この動画は多くの反響を呼んでおり、「気をつけたい」「知らなかったら落としてもそのまま使っていたと思う」などの書き込みがある。

また、「リチウムイオン電池が内蔵されている携帯電話から発火したことがあるので、リチウムイオン電池製品は怖い」といった体験談も書き込まれていた。

爆発の様子を映像化したNITEの製品安全センター製品安全広報課主任の岡田有毅さんに、携帯用扇風機のリスクについて聞いた。

「携帯用扇風機に内蔵されているリチウムイオン電池は中に引火性の高い電解液が使われています。

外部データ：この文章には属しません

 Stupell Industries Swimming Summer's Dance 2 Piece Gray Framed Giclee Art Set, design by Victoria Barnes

携帯用扇風機を落としたり、ぶつけるなどの衝撃を与えて、中の電池の容器が凹んだり、破損すると、電池の中がショートして発熱します。さらに発熱が発熱を引き起こすという“熱暴走”の状態を招き、中のガス化した電解液に引火すると火が噴き出たり、爆発したりします」

そして映像のような破裂が起こる。実際に爆発によって大やけどを負ったという被害報告も入っているという。

■充電中にも出火の危険が就寝時は枕元に置かない

さらに気をつけたいのが充電中。

「実は充電中の事故が最も多く、携帯用扇風機の充電中に電池部分から火を噴き出し、周りのものを燃やしてしまったという報告があります。

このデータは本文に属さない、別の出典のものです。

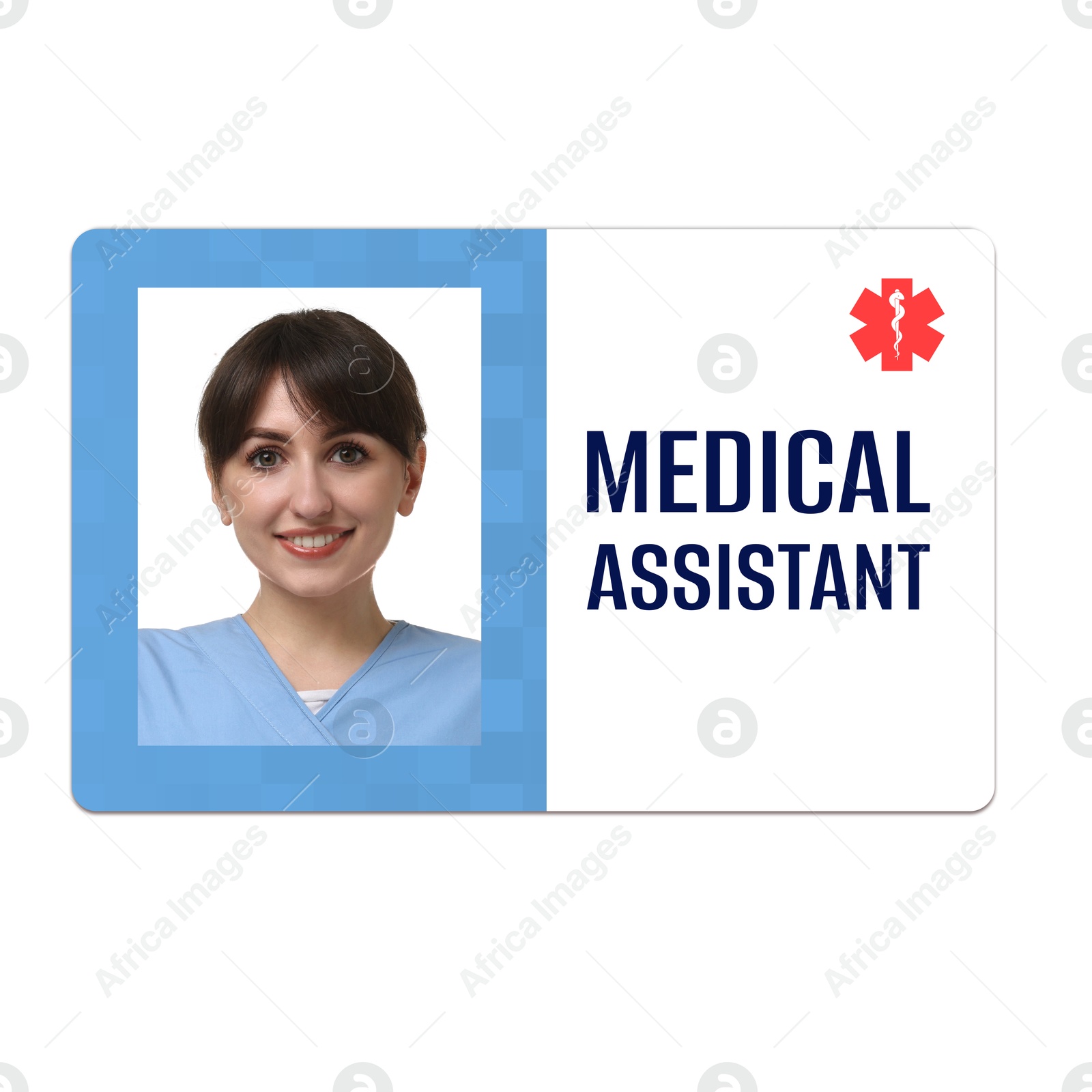 Image of Medical assistant badge with photo of woman on white background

とくに就寝時は、異変に気付きにくいので、枕元で充電しっぱなしにするのは避け、体から離れた、周囲に燃えやすいものがない場所で充電をしてください」(岡田さん、以下同)

また、リチウムイオン電池は高温に弱いため、暑い日に車の中に置きっぱなしにするのも危険だ。

「ダッシュボードは80度もの高温になります。直射日光の下など、熱い場所に置きっぱなしにするのも避けてください」

リチウムイオン電池が内蔵されている製品は、携帯電話やポータブル型の家電を充電する充電器などほかにもさまざまある。ふだんから日常的に使用している身近なものだけに、そんなところに爆発の危険性があるとは思いもしない人が多いのではないだろうか。

携帯用扇風機事故報告は、2019年度から入ってきていて、2022年度まで、累計で45件の事故報告がある。

「事故の報告は年々減ってきてはいますが、暑い季節になると使用する機会が増えるため、今年も注意を呼び掛けています」

酷暑が予想されるこの夏は、とくに気をつけてほしい。安全のためにも、3つの予防策をとりつつ、落とした場合は2~3日ほど使用を中止して様子を見るように。

「ほかにも、充電ができなくなる、ファンが回らない、電池部分が熱い、膨らんで形状が変形しているなど、なんらかの異常を見つけたら、使用を中止してください」

廃棄時も注意が必要だ。一般ごみには入れず、必ず地元の自治体の指示に従って分別しよう。一般ごみに入っていたためにごみ収集車やごみ処理場で火災が起こった事例もある。

購入時は安心して使うためにも、連絡がとれるメーカーの製品を選ぼう。

「安全に配慮した製品を開発しているメーカーであれば、万が一、不具合が出た場合の連絡先が明記されているはずです」

涼は安全にとりたいものだ。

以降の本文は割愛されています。